The glass transition temperature (Tg) of the polyester resin is preferably -15 to 100°C, more preferably 0 to 80°C, even more preferably 5 to 70°C. If the glass transition temperature of the polyester resin is equal to or higher than the above lower limit, the storage stability of the polyester resin will be improved. If the glass transition temperature of the polyester resin is below the above upper limit, the polyester resin will easily melt. In addition, when used as a paint, a coating film with excellent adhesion to a substrate can be formed.

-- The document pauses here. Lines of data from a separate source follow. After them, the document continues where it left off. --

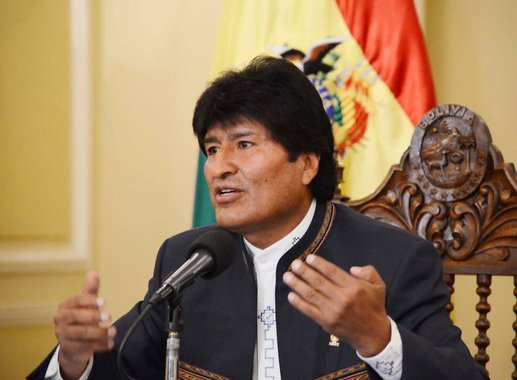 Anúncio ocorreu dois dias depois de o vice-ministro dos Negócios Estrangeiros iraniano para os Assuntos Europeus e Americanos, Mayid Tajt Ravanchi, ter visitado La Paz; Morales destacou que o desenvolvimento nuclear converteu-se em “prioridade estratégica” do Estado boliviano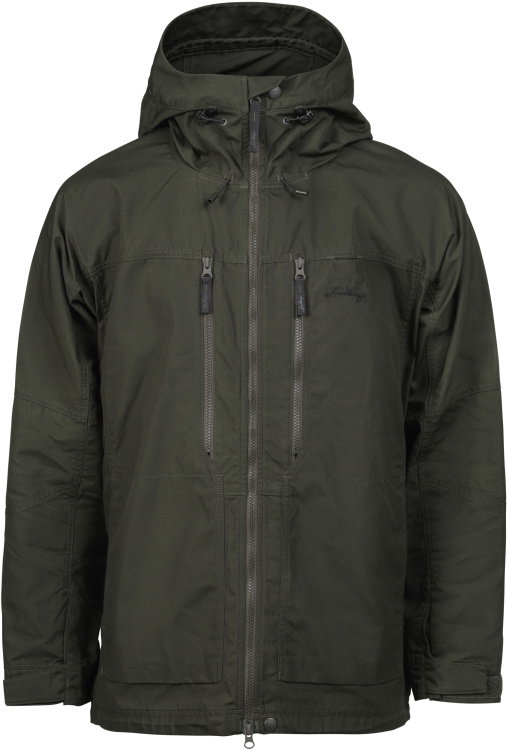 Lundhags Authentic III Jacket Lundhags Authentic III Jacket Farbe / color: dk forest green ()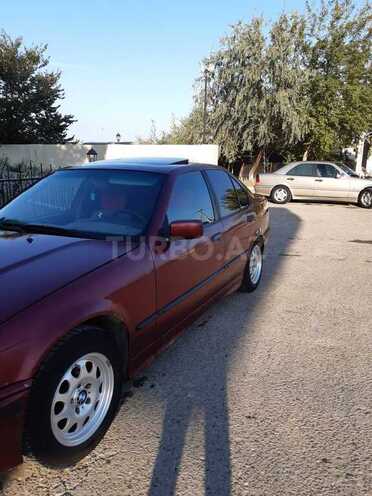 BMW 320 1991, 338,145 km - 2.0 л - Bakı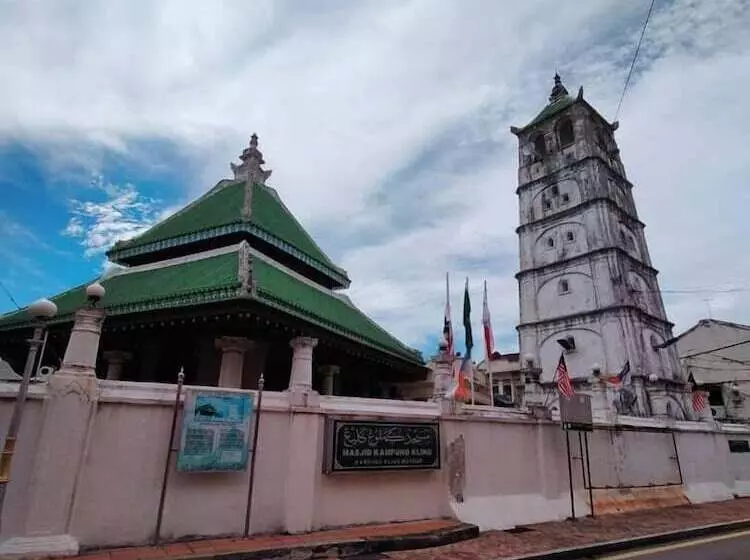 Fotos del hotel Zamburger Heritage Melaka:  8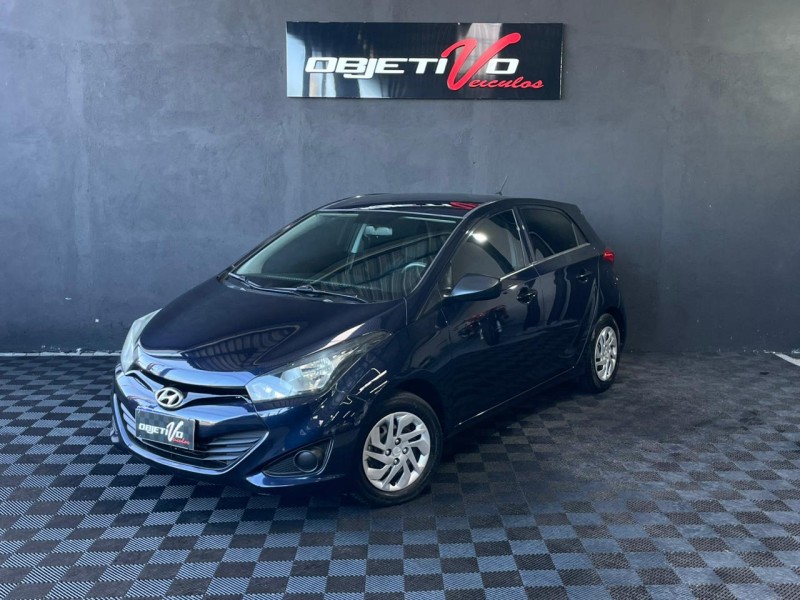 HB20 1.0 12V LIMITED FLEX 4P MANUAL - 2013 - CAXIAS DO SUL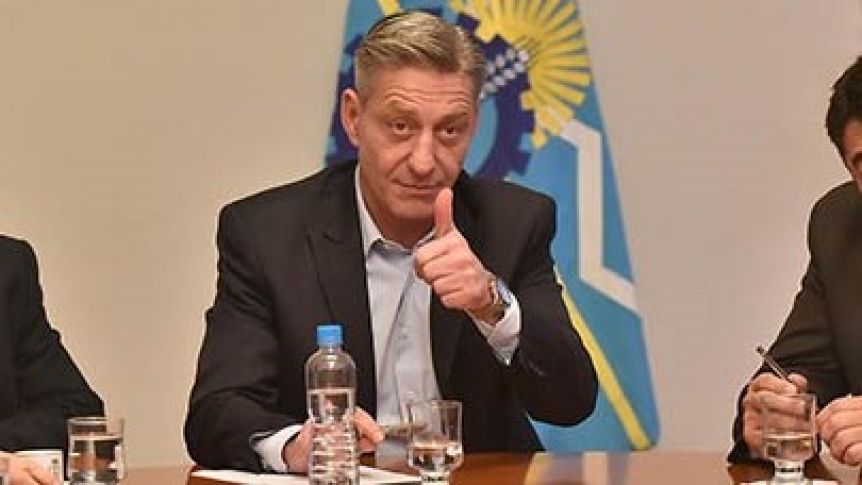 Tras la embestida del STJ, Arcioni analiza poner a un archienemigo en la primera fila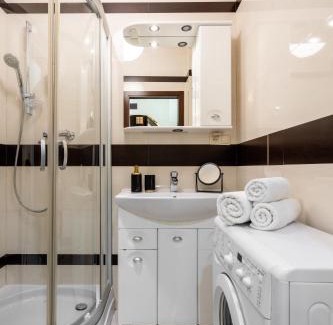 Srodmiescie Południowe Apartment | Chic Apartments - Cozy&Sunny - Great Location - Plac Konstytucji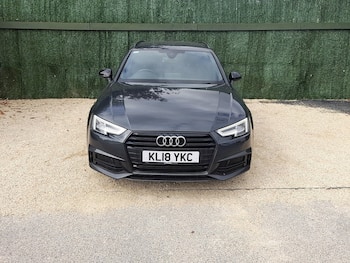 Used Audi A4 Avant 2018 for sale - 79840806: Photo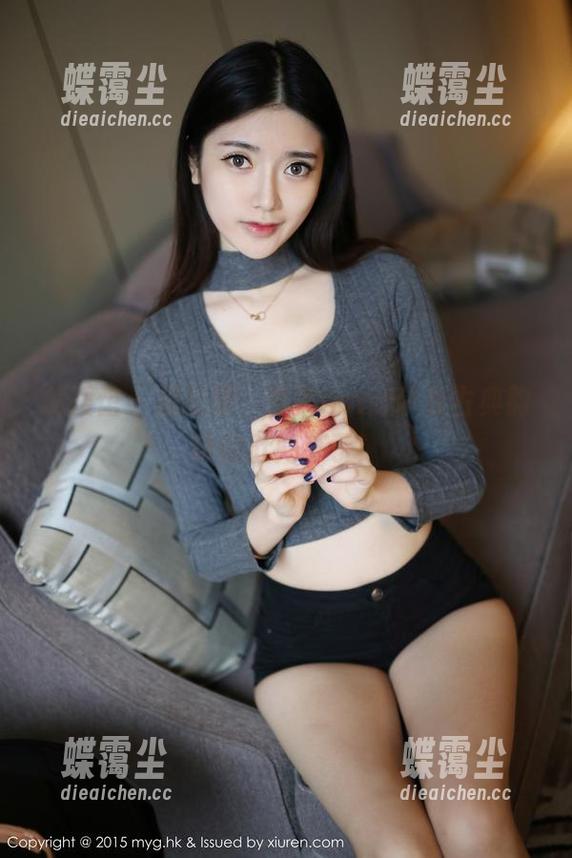 美媛馆 - 别眨眼,奈美nana带着古典韵味的肚兜来了!-蝶霭尘 美媛馆 - 别眨眼,奈美nana带着古典韵味的肚兜来了!-蝶霭尘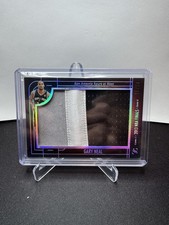 2024-25 Panini Silhouette Gary Neal NBA Finals 2013 Game Worn patch /24
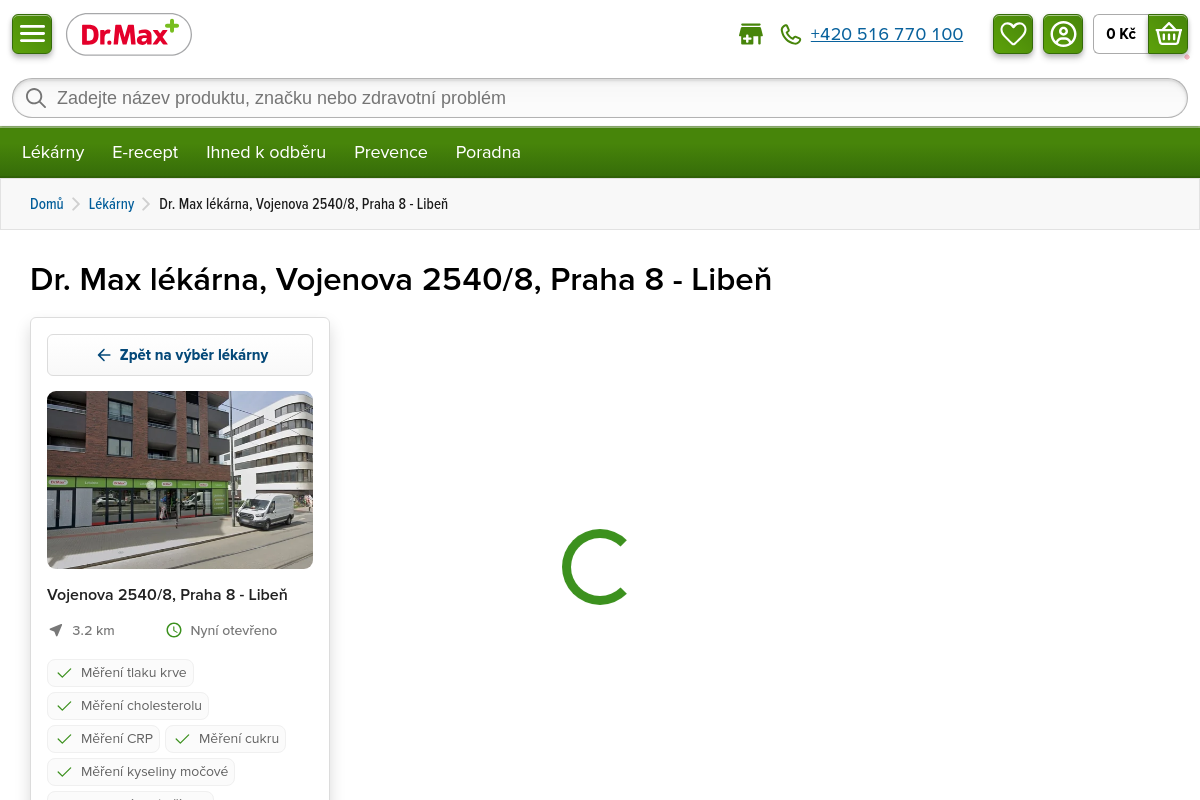 Dr.Max Lékárna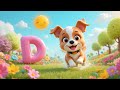 D Is For Dolphin ABC Animal Song For Kids Learn The Alphabet With Animals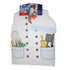 Chef Shirt (Age 3-6) Dress Up Not specified 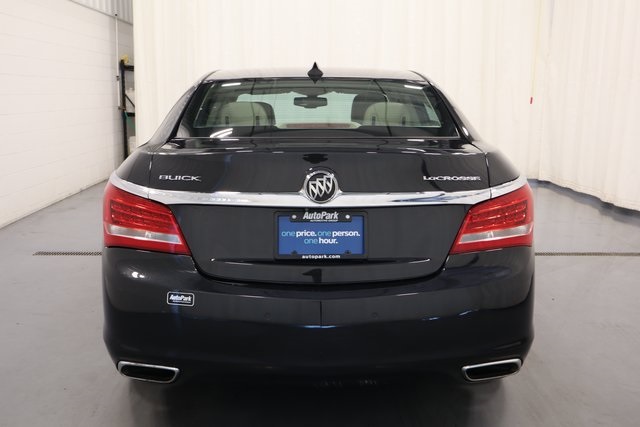 2015 Buick LaCrosse Leather photo 6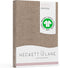 Heckettlane Franela Dekbedovertrek - Eenpersoons - Flanel - 140x200-220cm - Taupe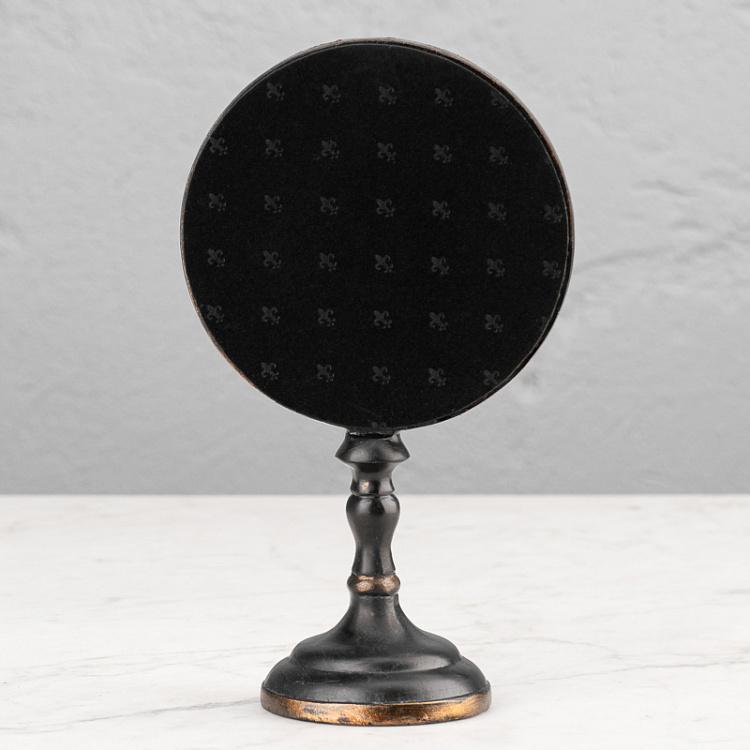 Настольное выпуклое зеркало на основании Convex Mirror On Stand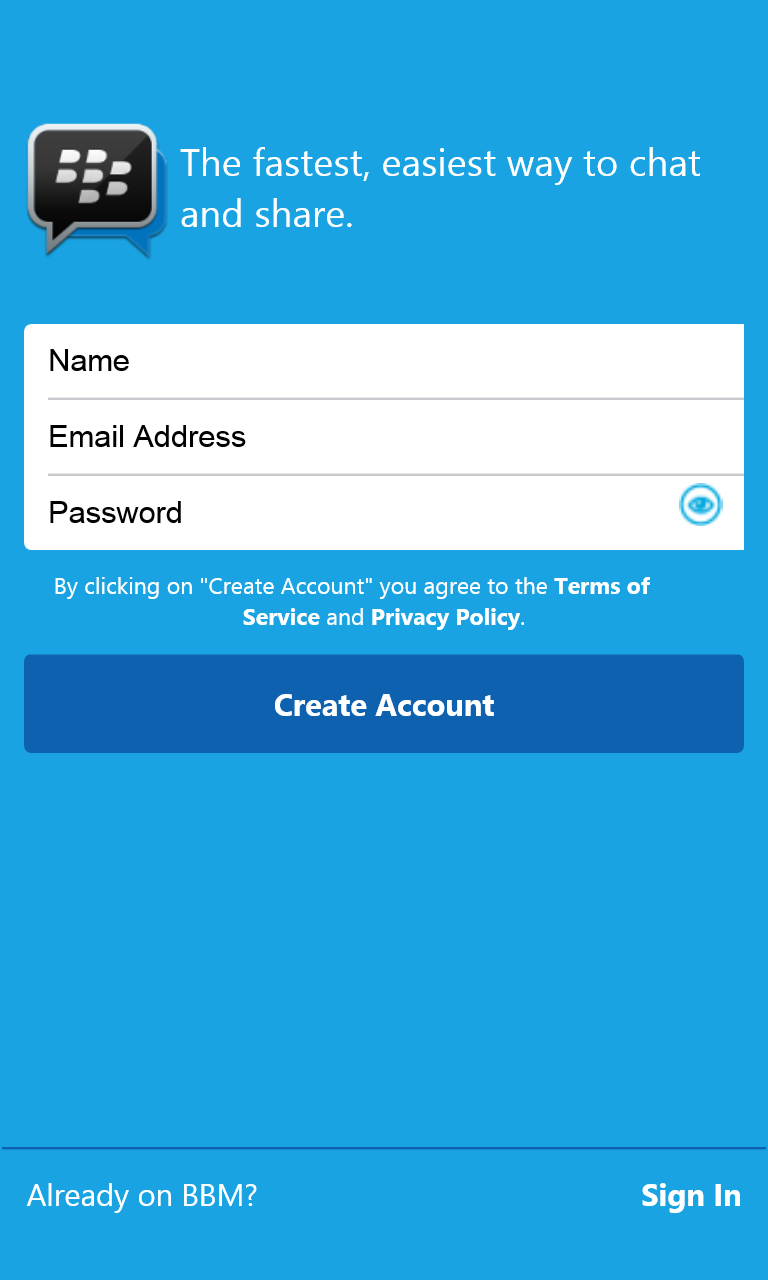 blackberry messenger blackberry messenger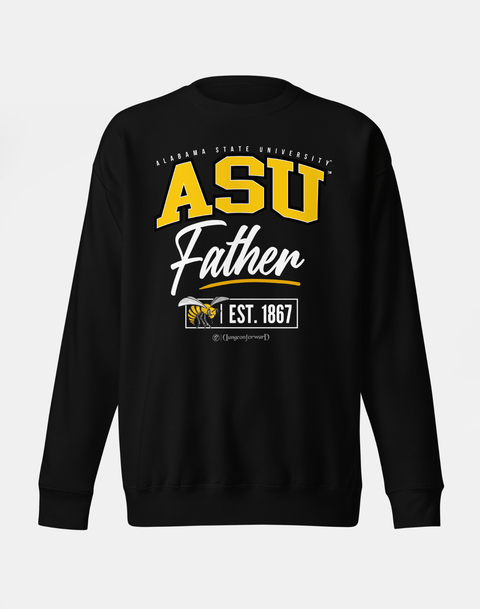 DungeonForward - The Family - Alabama State University - Sweatshirt - DungeonForward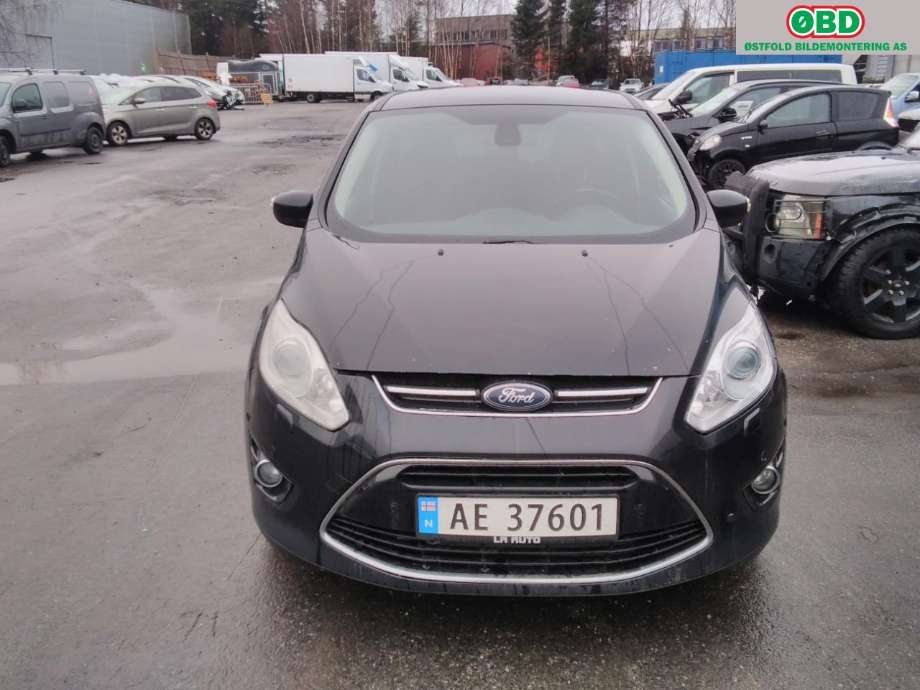 Ford C-Max 2010-2015 (Type II, Fase 1) , Motorkode: T1DA;T1DB, Girkassekode: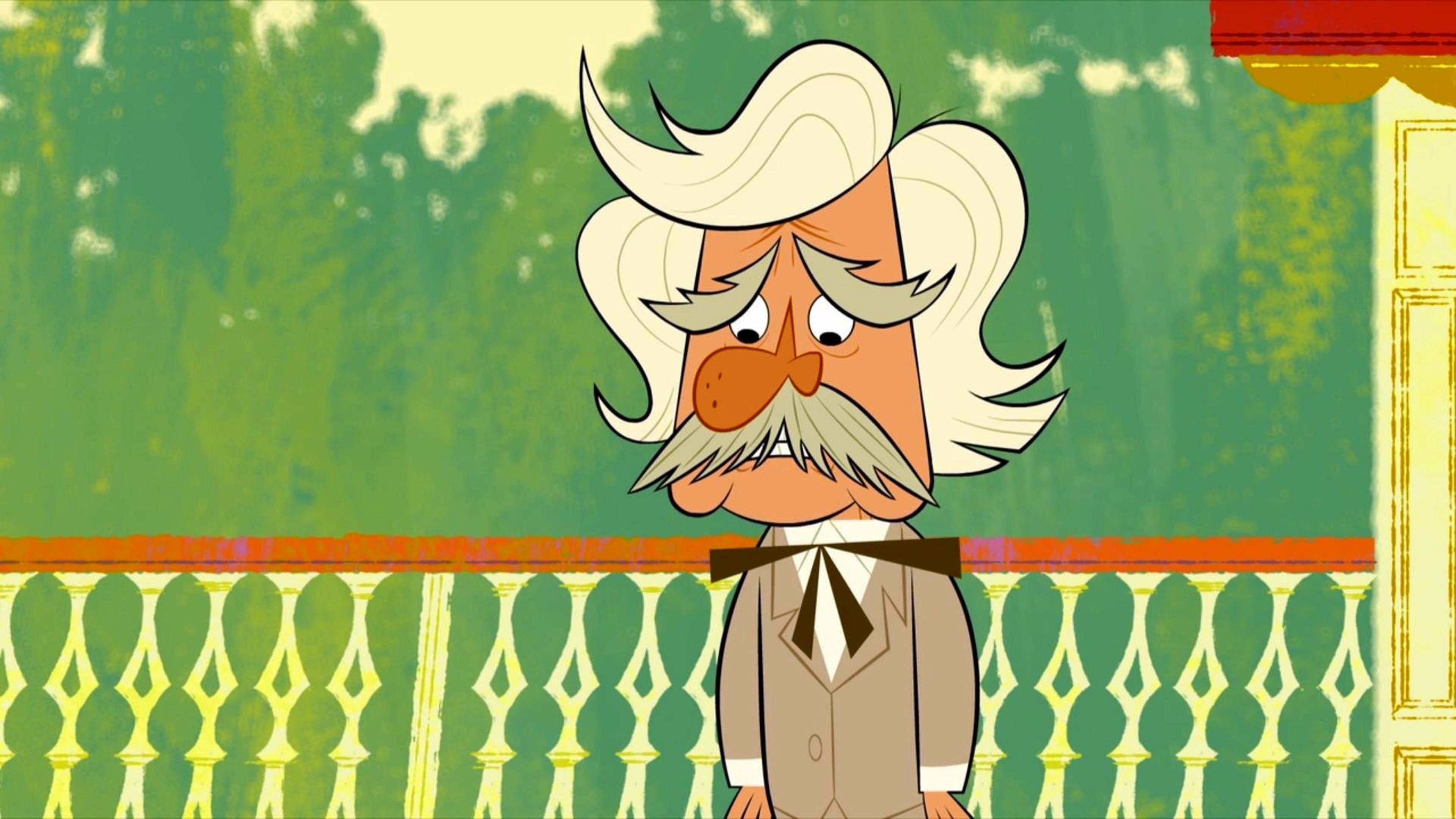 10. Utmaningen / Mark Twain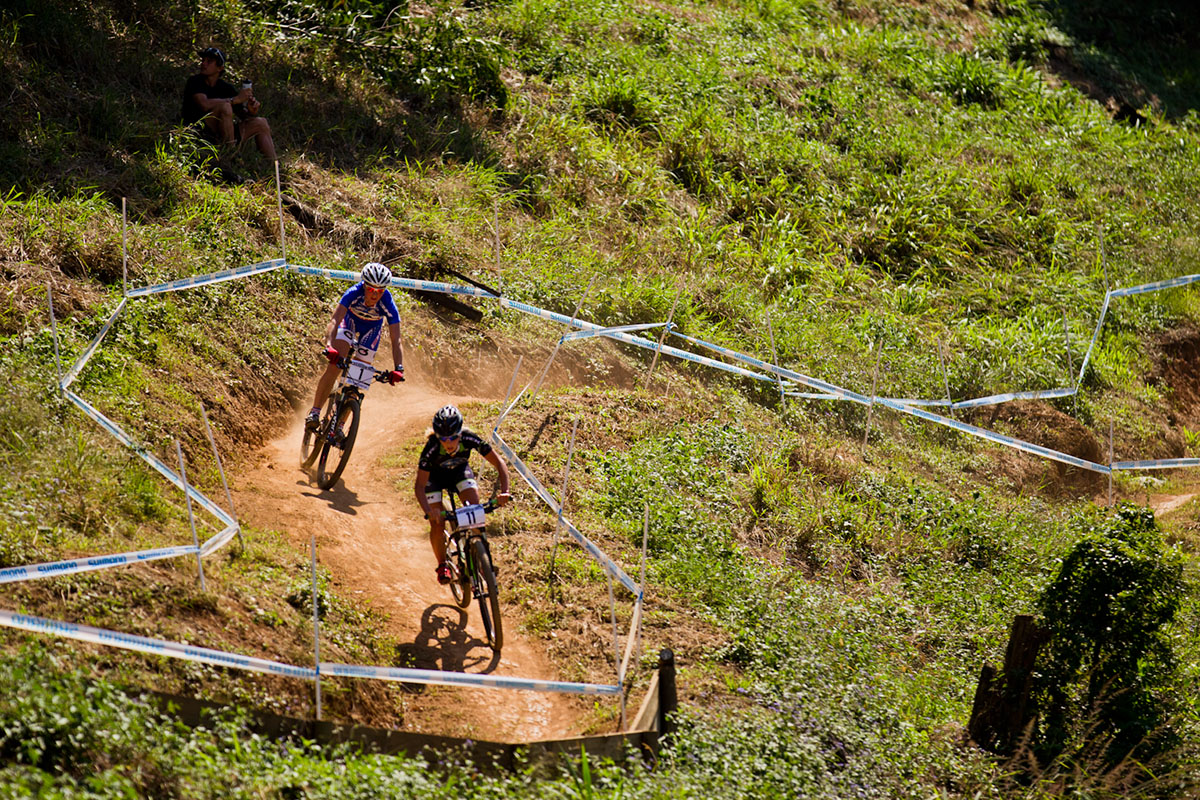 UCI World Cup XC 2012 – Elite Women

The glass transition temperature of polyester resin is determined as follows. That is, use a differential running calorimeter to find the temperature at the intersection of the baseline on the low temperature side of the chart and the tangent to the endothermic curve near the glass transition temperature when measured at a heating rate of 5°C/min. Let be the glass transition temperature of polyester resin.

The number average molecular weight (Mn) of the polyester resin is preferably 1,500 to 5,000, more preferably 1,800 to 5,000, even more preferably 2,000 to 5,000. If the number average molecular weight of the polyester resin is at least the above lower limit, a coating film with excellent adhesion to a substrate can be formed when used as a paint. If the number average molecular weight of the polyester resin is below the above upper limit, the polyester resin will be easily melted.

The weight average molecular weight (Mw) of the polyester resin is preferably 2,000 to 50,000, more preferably 3,000 to 50,000, even more preferably 4,000 to 50,000. When the weight average molecular weight of the polyester resin is at least the above lower limit, a coating film with excellent adhesion to a substrate can be formed when used as a paint. If the weight average molecular weight of the polyester resin is below the above upper limit, the polyester resin will be easily melted.
The number average molecular weight and weight average molecular weight of the polyester resin are based on polystyrene as measured by gel permeation chromatography (GPC).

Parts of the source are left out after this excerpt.